Le relazioni commerciali transatlantiche, costituiscono infatti uno dei pilastri dell’economia globale, costituendo insieme circa il 47% del Pil mondiale e un terzo dei flussi commerciali planetari. Ogni giorno, beni e servizi per circa 2 miliardi di euro sono scambiati bilateralmente tra Ue e Stati Uniti, con investimenti aggregati stock superiori ai 2000 miliardi di euro.

Secondo le proiezioni illustrate dalla Commissione europea alla conclusione dei lavori dell’High-Level Working Group preposto allo studio della tematica, l’impatto su crescita e occupazione per le due sponde dell’Atlantico ingenererebbe entro il 2027 un incremento del 0,5% del prodotto interno lordo dell’Unione, corrisposto da un aumento dello 0,4% del Pil Statunitense; il tutto, per un ammontare di 86 miliardi di euro supplementari all’anno per l’Unione e 65 miliardi di euro di entrate annuali aggiuntive per l’economia statunitense. Un’accelerazione dell’economia, attraverso la risposta del libero mercato. Questa la soluzione concettuale.

Il rendiconto dell’High-Level Working Group, che ha richiesto 14 mesi di negoziazioni con al tavolo portatori di interessi pubblici e privati di ambo le sponde dell’Atlantico, ha evidenziato come aree interessate dai negoziati tariffe, questioni sanitarie e fitosanitarie, affari regolamentari, investimenti, servizi, diritti di proprietà intellettuale, scambi commerciali ed aspetti legati alla concorrenza.

I presidenti Barroso, Van Rompuy e Obama hanno quindi sottoscritto lo scorso 21 febbraio una dichiarazione di intenti, che porterà le parti ad avviare le rispettive procedure interne per aprire i negoziati.

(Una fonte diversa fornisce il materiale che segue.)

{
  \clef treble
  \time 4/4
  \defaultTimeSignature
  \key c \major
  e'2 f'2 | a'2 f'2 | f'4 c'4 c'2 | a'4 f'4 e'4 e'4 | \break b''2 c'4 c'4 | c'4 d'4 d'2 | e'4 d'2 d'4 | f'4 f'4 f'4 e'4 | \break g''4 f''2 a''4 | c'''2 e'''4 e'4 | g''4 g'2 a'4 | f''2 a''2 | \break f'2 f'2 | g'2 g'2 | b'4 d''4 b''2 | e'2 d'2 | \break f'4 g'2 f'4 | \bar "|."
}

L’ambizioso progetto europeo sarà quello di sottoporre già all’attenzione del Consiglio europeo di marzo un bozza di direttive negoziali, tenendo conto della buona base nominale di partenza, consistente in una media tariffaria sulle importazioni provenienti dagli Usa pari al 4%. Da parte statunitense invece, per approntare in tempi brevi un mandato negoziale, l’amministrazione ha pianificato  l’invio immediato al Congresso di una notifica di tale dichiarazione di intenti, dando avvio al periodo di latenza di 90 giorni previsto dal regolamento procedurale interno. 

L’obiettivo è decrementare le barriere non tariffarie esistenti all’interno dei rispettivi confini commerciali, come le differenti regolamentazioni tecniche, gli standard e le certificazioni, che costituiscono spesso oneri insormontabili in termini di operatività e onerosità degli scambi. Si stima infatti che, allo stato attuale, le barriere non tariffarie siano stimabili tra il 10% e il 20% del costo in termini aziendali e di prezzi al consumatore. Il resto dei mutui benefici, difficilmente quantificabili, dovrebbero invece arrivare dall’indotto creato dall’economia di scala globale, attraverso emulazione e sviluppo progressivo del diritto internazionale degli scambi.